De deugd welke op zichzelf staat is 'dat' wat de zoeker naar Waarheid kan brengen, want daar hadden we het over.
Citaat:
Nisargadatta's 'super-ik' betekent voor mij dat er iets de baas is boven het 'ik', iets dat het 'ik' op de achtergrond schuift als niet zijnde de kapitein op het schip.
|
Deze formulering, daar kan ik me niet in vinden omdat het geen recht doet aan de werkelijkheid. In enkelvoudig bewustzijn is er geen baas, ook geen baas boven het 'ik'. Als Nisargadatta dat zo verwoord heeft, dan is dat hiërarchisch denken.

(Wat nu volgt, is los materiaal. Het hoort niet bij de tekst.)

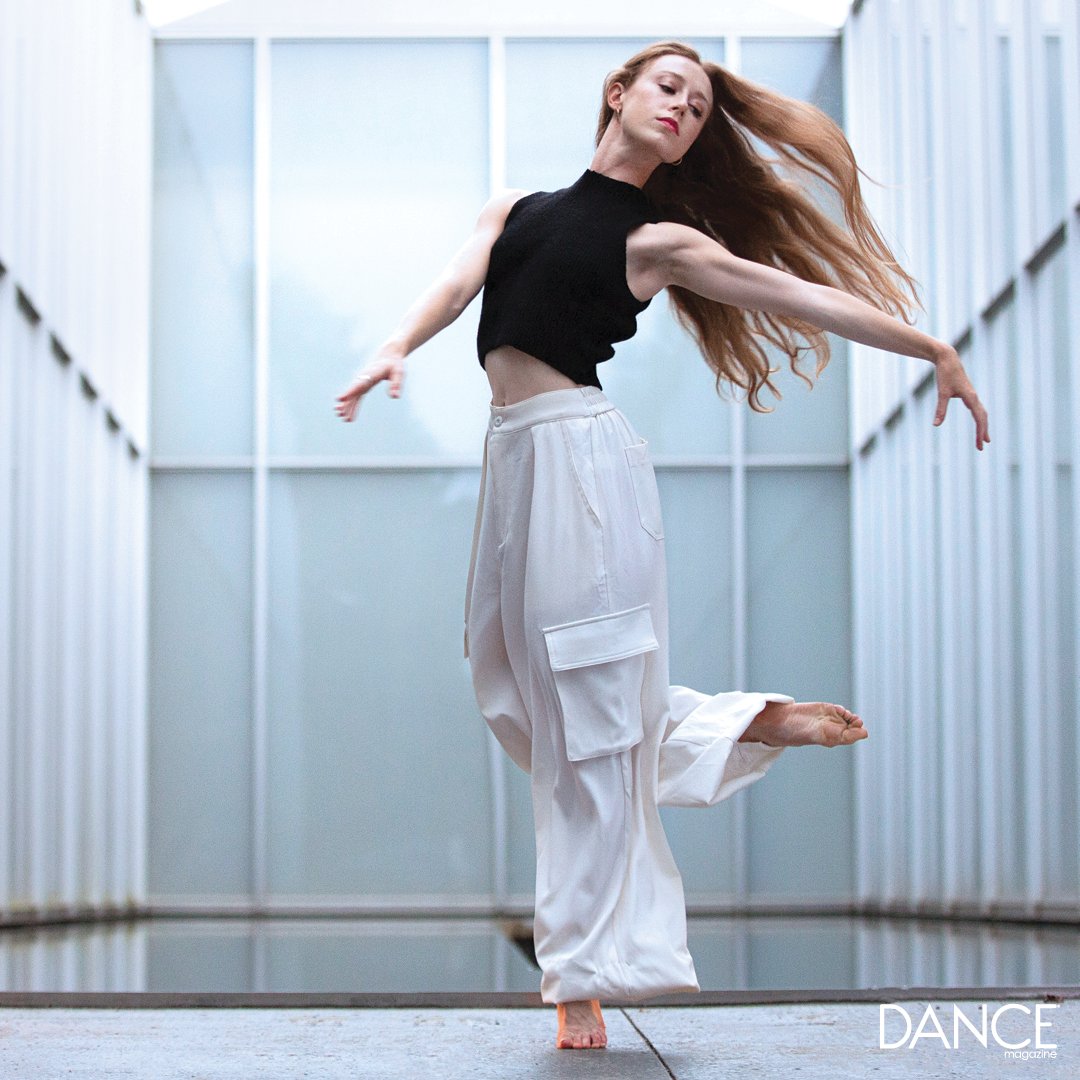 Dance_Magazine's tweet photo. #PlacesPlease: Carolina Ballet’s SarahAnne Perel is pursuing a career without limits. Learn about her path to professional ballet, Duke University degree, and more: https://t.co/QyyaOHXTVL
Photos by Yevgeny Shlapko for Dance Magazine.
#ballet #dancer https://t.co/ar4k5nUsgh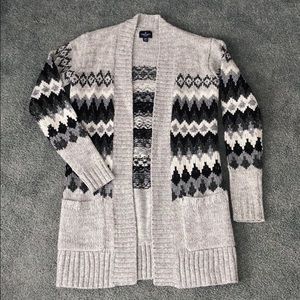American Eagle sweater cardigan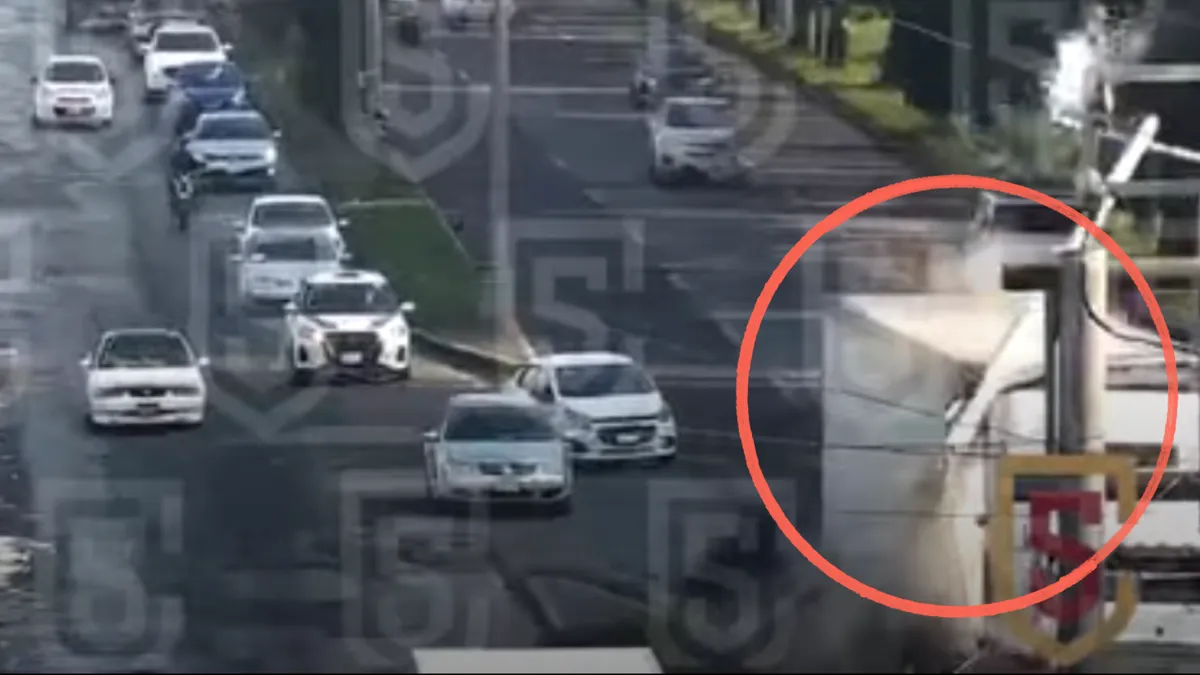 Tráiler derriba poste y  provoca tránsito lento en Blvd. Aeropuerto en Toluca [VIDEO]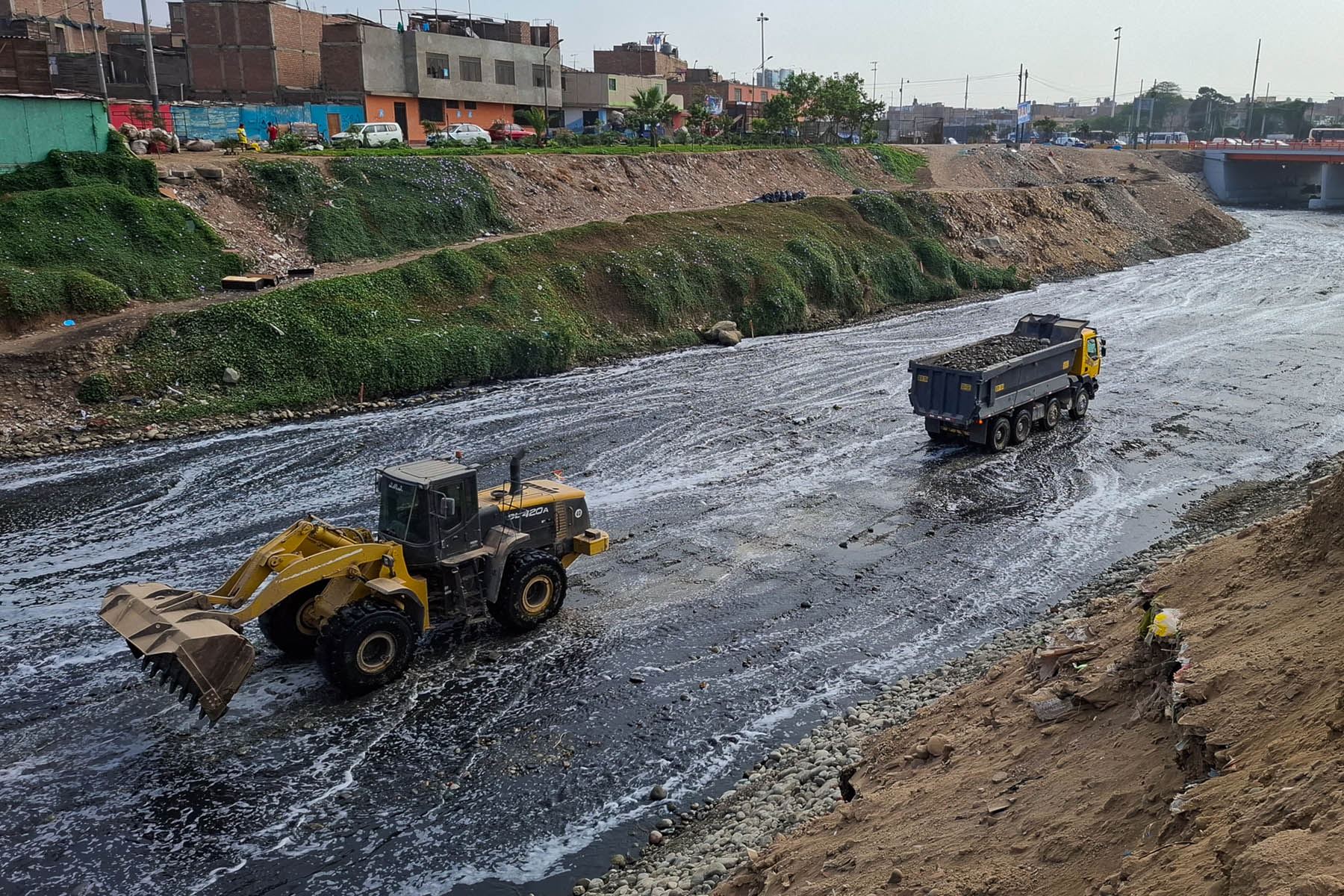 Maquinaria pesada realiza trabajos de limpieza y descolmatación en el cauce del río Rímac, cerca del puente Elmer Faucett, como medida preventiva ante posibles desbordes asociados al Fenómeno El Niño. Foto: ANDINA/Irvin Miranda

Wat er in het proces van zelfkennis gebeurd is dat middels het schouwen het brandpunt van 'je' bewustzijn zich verplaatst van je zelf naar de ander. Maar zonder 'je' zelf te minachten. Door die verschuiving van het brandpunt leer je 'zien' dat bewustzijn a. een brandpunt heeft en b. dat het 'veel' is wat je ziet. Het "ik en de ander" zijn dat veel. 'Veel' leer je zien als verschijnselen waarvan je er zelf ook een (wordend) bent.
In dat proces openbaart zich de deugd welke zich voordoet als een daadwerkelijk meevoelen, mededogen met de ander. Het is dan fijn om deugd te zijn.